━━━━━ SUPPLIED RECORDS

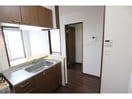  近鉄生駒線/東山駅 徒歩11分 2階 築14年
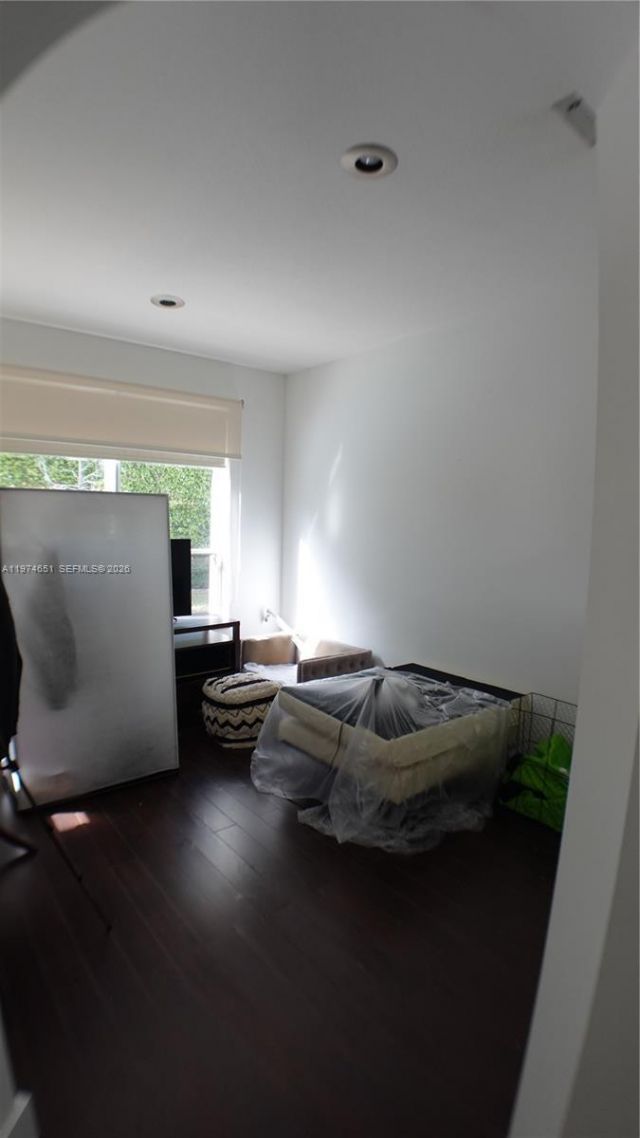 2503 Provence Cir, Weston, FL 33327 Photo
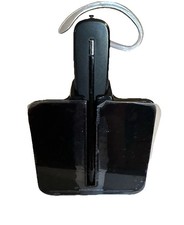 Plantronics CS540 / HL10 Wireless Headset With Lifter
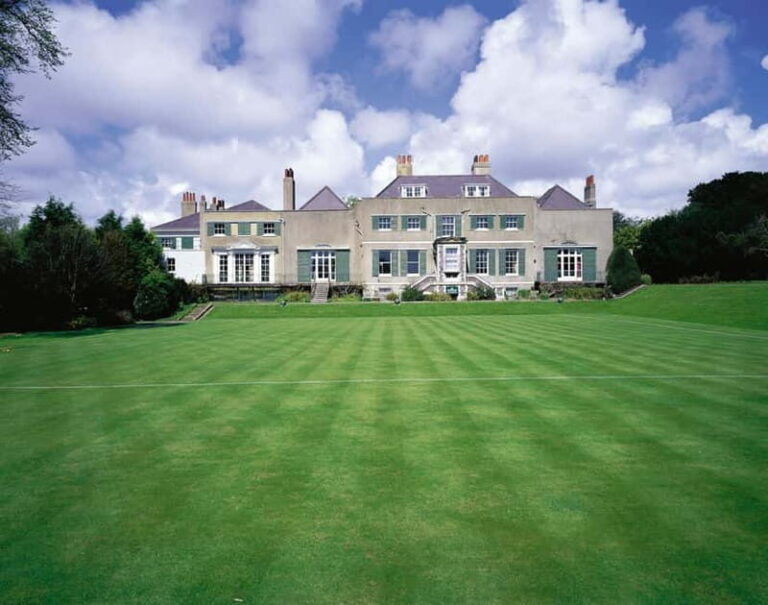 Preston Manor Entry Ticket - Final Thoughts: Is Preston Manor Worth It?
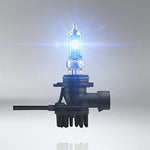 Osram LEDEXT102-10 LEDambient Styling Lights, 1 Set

━━━━━━━━━━

Retype the listing exactly. Skip every picture.

### EXERCISE OUTPUT
  近鉄生駒線/東山駅 徒歩11分 2階 築14年
 2503 Provence Cir, Weston, FL 33327 Photo
 Plantronics CS540 / HL10 Wireless Headset With Lifter
 Preston Manor Entry Ticket - Final Thoughts: Is Preston Manor Worth It?
 Osram LEDEXT102-10 LEDambient Styling Lights, 1 Set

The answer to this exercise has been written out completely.